2. ステウコ、プラトンの謎、そしてアナクサゴラス
すでに幾人かの専門家が指摘しているが、ウンブリアの町グッビオ出身のアゴスティーノ・ステウコ(Agostino Steuco, 1497/8-1548)による『永遠哲学について』がブルーノの典拠のひとつだった。とくに聖書の解釈だけではなく、世界霊魂とキリスト教徒の聖霊の同一視をするうえでの典拠だという。
いうまでもなく、この同一視は、世界霊魂とその身体を結ぶのに必要とされる「世界精気」spiritus mundi についてのフィチーノの理論をもとに打ちだされている。
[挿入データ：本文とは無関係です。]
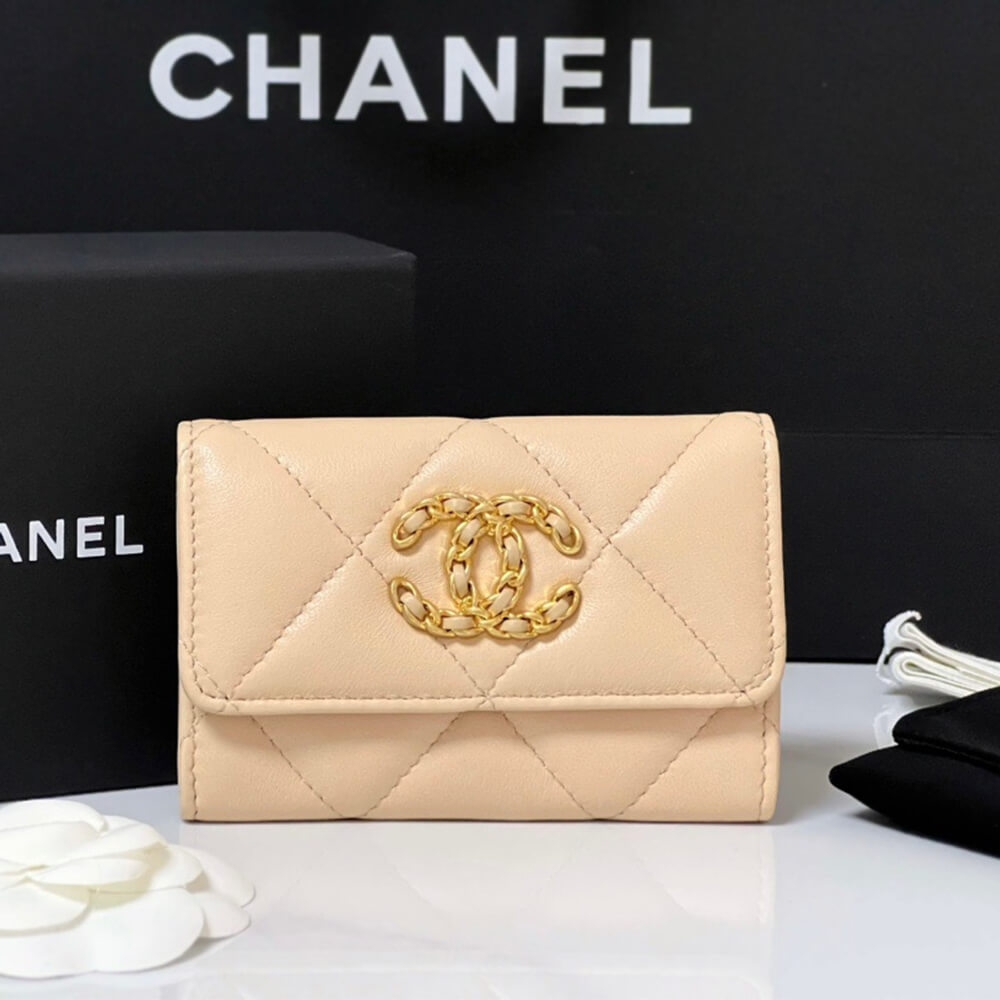 Chanel 19 flap card holder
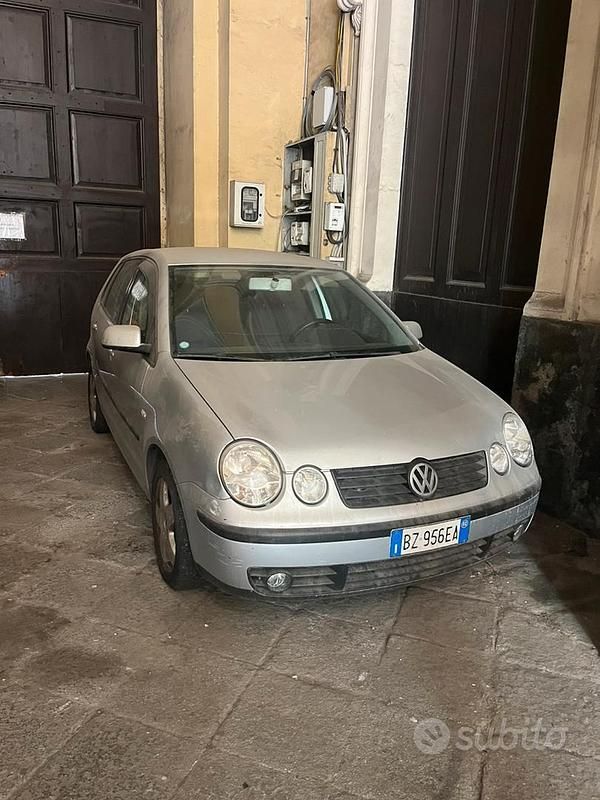 Usata VW Polo 75 CV (55 kW) 2002 Grigio Utilitaria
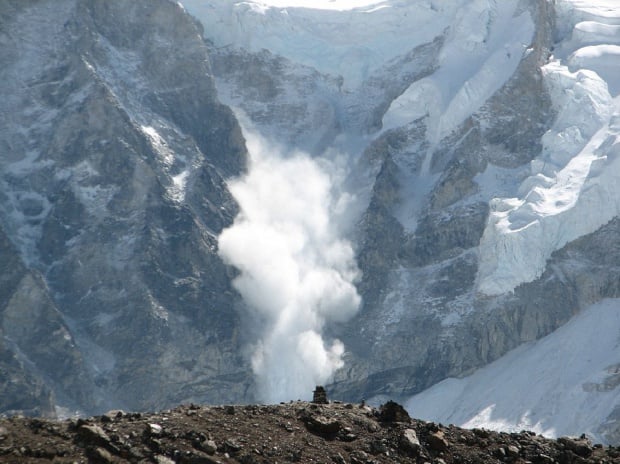 sibiu-risc-insemnat-de-avalansa-si-zapada-de-peste-un-metru-la-balea-lac-379505-ohem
その同じフィチーノの足跡を追って、ステウコはヘルメス・トリメスギストスとそのほかの異教の賢者たちによって信奉されたという「古代神学」prisca theologia とキリスト教を調和させようとした。
そのために彼は世界霊魂にくり返し言及し、なかでもヘルメスやプロティノスといった「古代神学者」たちにしたがって、聖霊とその源泉である「神的な知性」についての章で世界霊魂をあつかっている。したがって、まずは問題の章から簡単にみていこう。
ステウコはプラトンに帰される『第二書簡』で表明される「謎」から議論をはじめる。それによると、すべてはすべての王のまわりを巡り、第二線の事物は第二原理のまわりを巡り、第三線の事物は第三原理のまわりを巡るという。ステウコによれば、プラトンは古代神学者たちの正統な後継者として彼らの叡智を継承したという。
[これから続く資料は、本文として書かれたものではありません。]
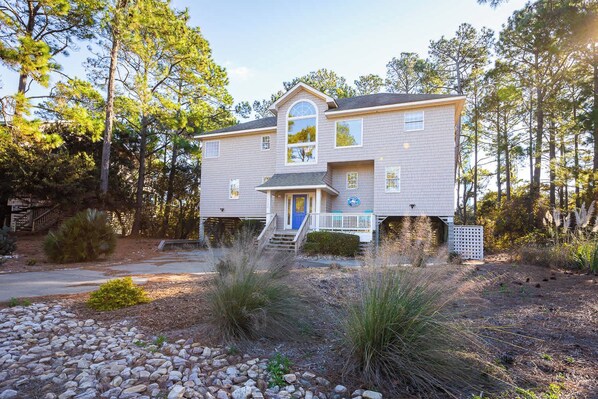 Exterior - 4min Walk to Beach with Resort Pool, Gym, Hot Tub (Corolla)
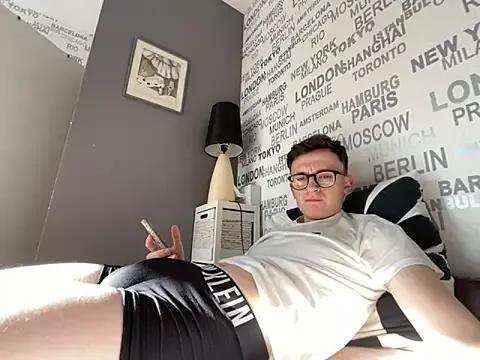 Eternelfrisson from StripChat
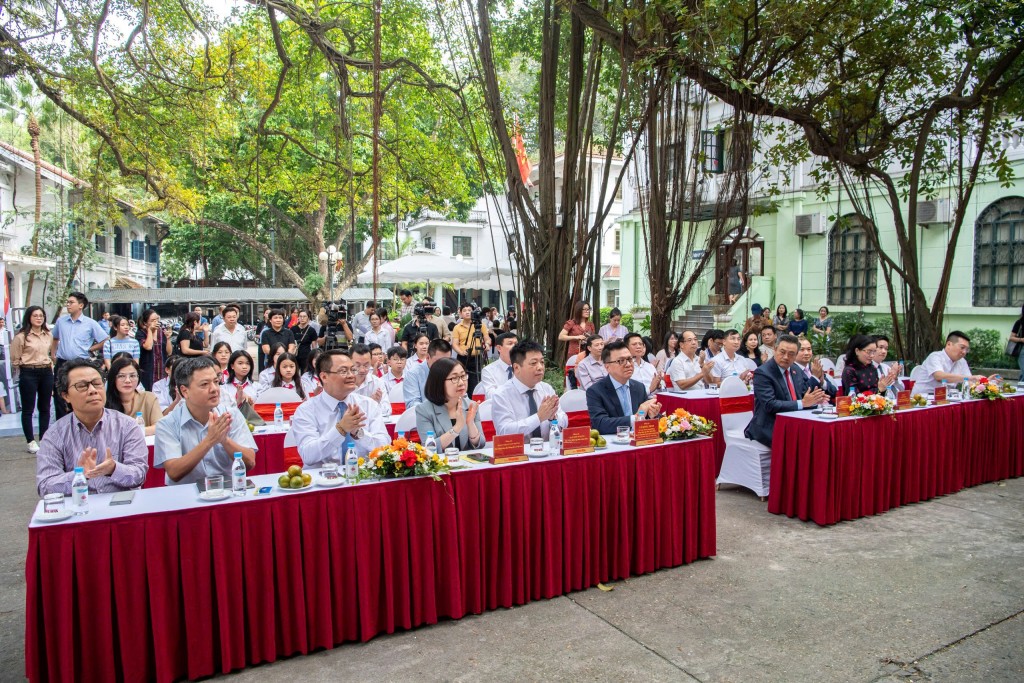 Các vị đại biểu tham dự khai mạc triển lãm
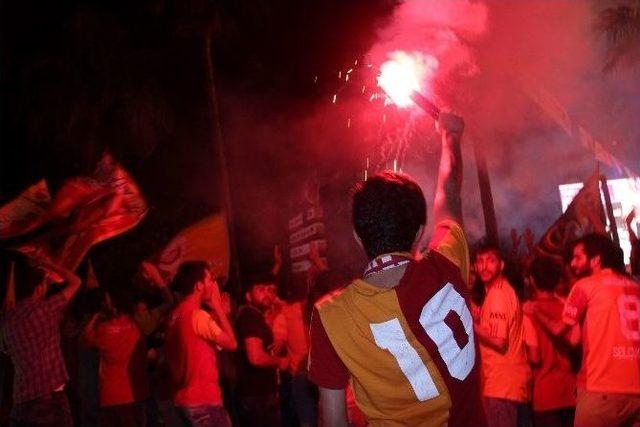 Galatasaray Taraftarları Hatay’da Şampiyonluğu Kutluyor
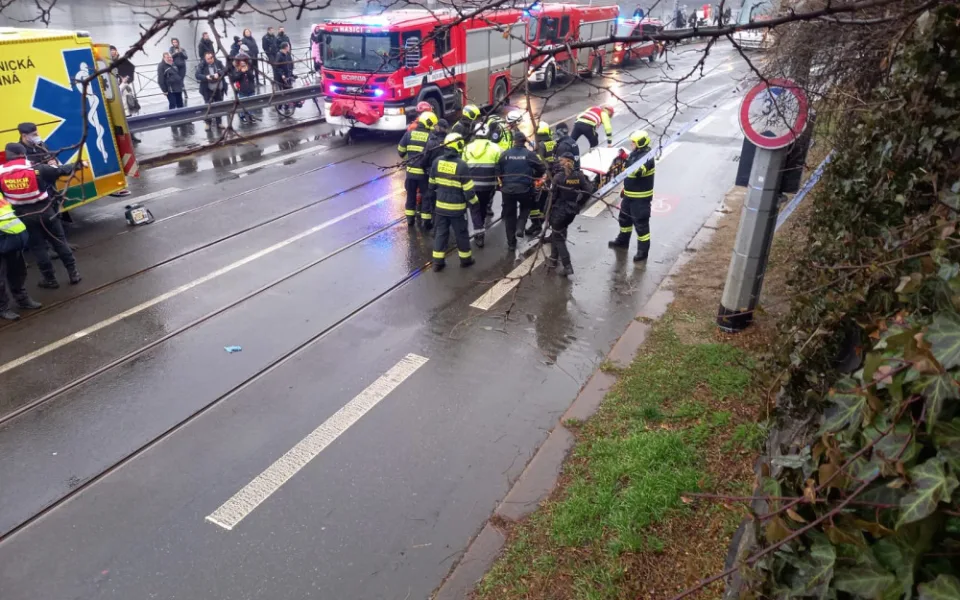 Z vyšehradských hradeb se zřítil muž, pokus o sebevraždu přežil.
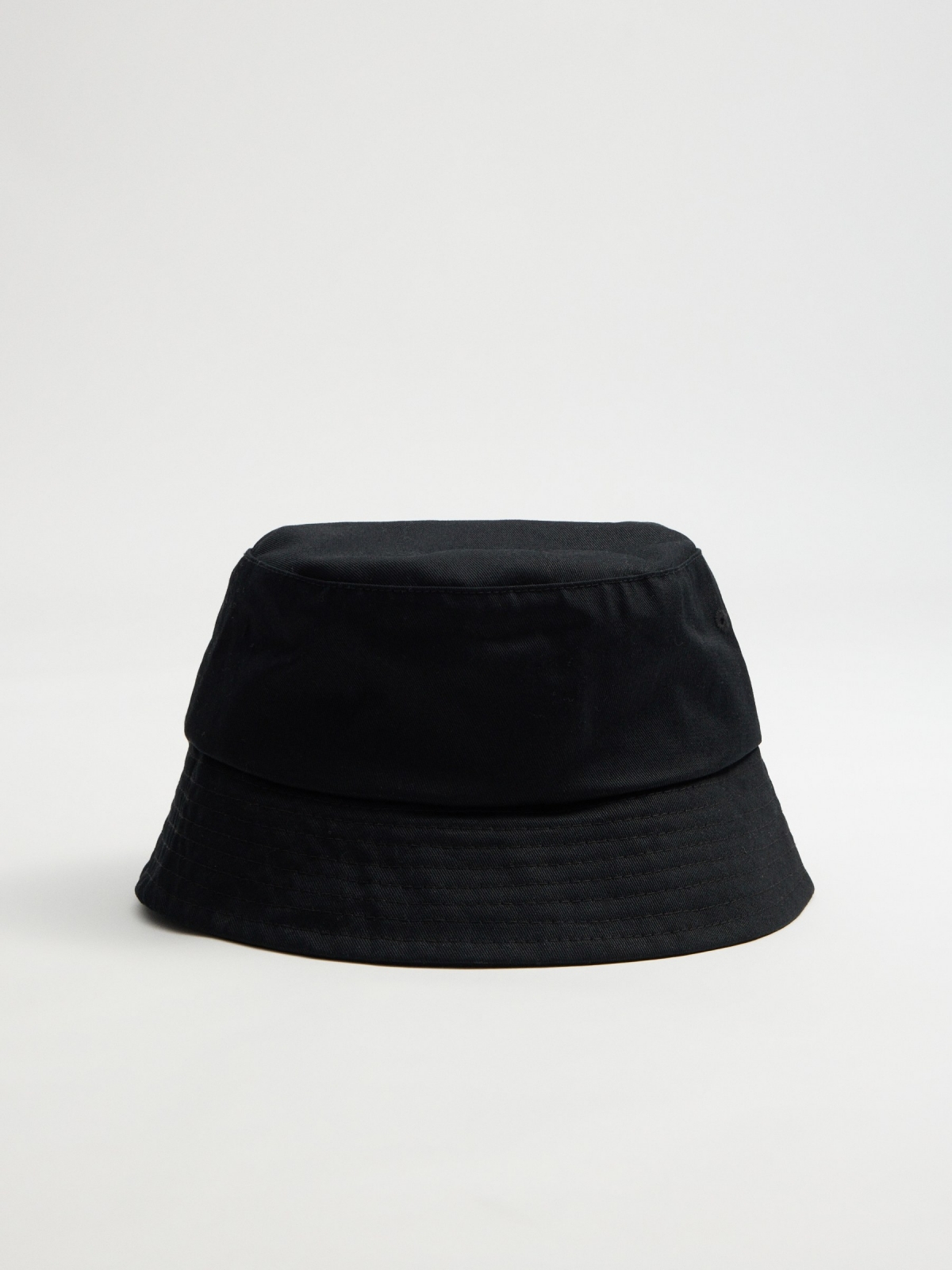Chapéu bucket preto preto vista frontal 45º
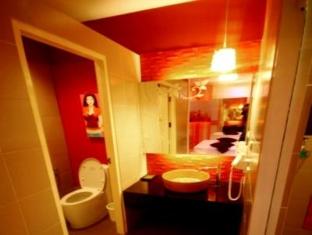 Pretty Resort Hotel and Spa Bangkok - Superior Bathroom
また彼は、アレクサンドリアの教父キュリロス(Cyril of Alexandria, c. 376-444)が『ユリアノス反駁』で報告しているポルピュリオスによる解釈にも言及している。おそらくステウコはキュリロスの報告を、ベッサリオン枢機卿(Bessarion, 1403/8-1472)の『プラトンの攻撃者への反駁』(ローマ、1469年)あるいは、フランチェスコ・ゾルツィ(Francesco Zorzi, 1466-1540)の『世界の調和について』(ヴェネツィア、1525年)に見出したのだろう。